The application of nanotechnologies in medical devices is a growing area and numerous medical disciplines benefit from innovative features enabled by nanotechnologies. Knowledge about the safety evaluation of nanotechnology is also evolving. Recently, scientific guidance has become available, specifying considerations to be taken into account when nanotechnology is used for the manufacture of a medical device. The combination of knowledge and guidance forms a suitable basis for the risk assessment of nanomedical devices. These are the main conclusions of an overview performed by RIVM on applications of nanotechnology in medical devices.
One of the most important types of nanotechnological applications is nanocoatings, which increase biocompatibility and thus improve integration with the surrounding tissues of a variety of medical implants used, for example, in cardiology (stent coating), orthopaedics (coating on joint replacement implants) and dentistry (dental implants). In addition, antimicrobial properties of nanomaterials are used in coatings, and also in wound care and medical textiles.
Another clear trend is the use of nanomaterials to mimic naturally occurring structures. This leads to optimal biological, physical, and mechanical characteristics of implants.

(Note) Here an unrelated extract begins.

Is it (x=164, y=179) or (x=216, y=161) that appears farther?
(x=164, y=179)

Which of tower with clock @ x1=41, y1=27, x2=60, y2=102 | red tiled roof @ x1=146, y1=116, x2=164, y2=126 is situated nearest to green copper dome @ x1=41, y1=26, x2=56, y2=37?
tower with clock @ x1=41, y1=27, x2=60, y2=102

A third trend of applications is related to the electrical and magnetic properties of materials on the nanoscale. This is especially relevant to medical devices used in neurology and cardiology, for instance to improve the treatment of cardiac arrhythmia. Furthermore, nanotechnologies enable the development of batteries with greatly increased lifetime for use in active implantable medical devices.
A number of nanotechnology applications are specific to oncology. Examples include diagnostic tests used in the early detection of cancer, and devices for the identification of the boundaries of a tumour or metastases during surgical interventions. Nanomaterials can also enhance the effect of therapies like chemotherapy or radiation therapy through locally increased temperature, or they can kill tumour cells directly at high temperature.
Like all medical products, the risk assessment of nanomedical devices needs to be performed on a case-by-case basis. The potential for release, leading to a higher or lower exposure to nanomaterials, is considered the most important feature driving the extent of the "nano" risk assessment.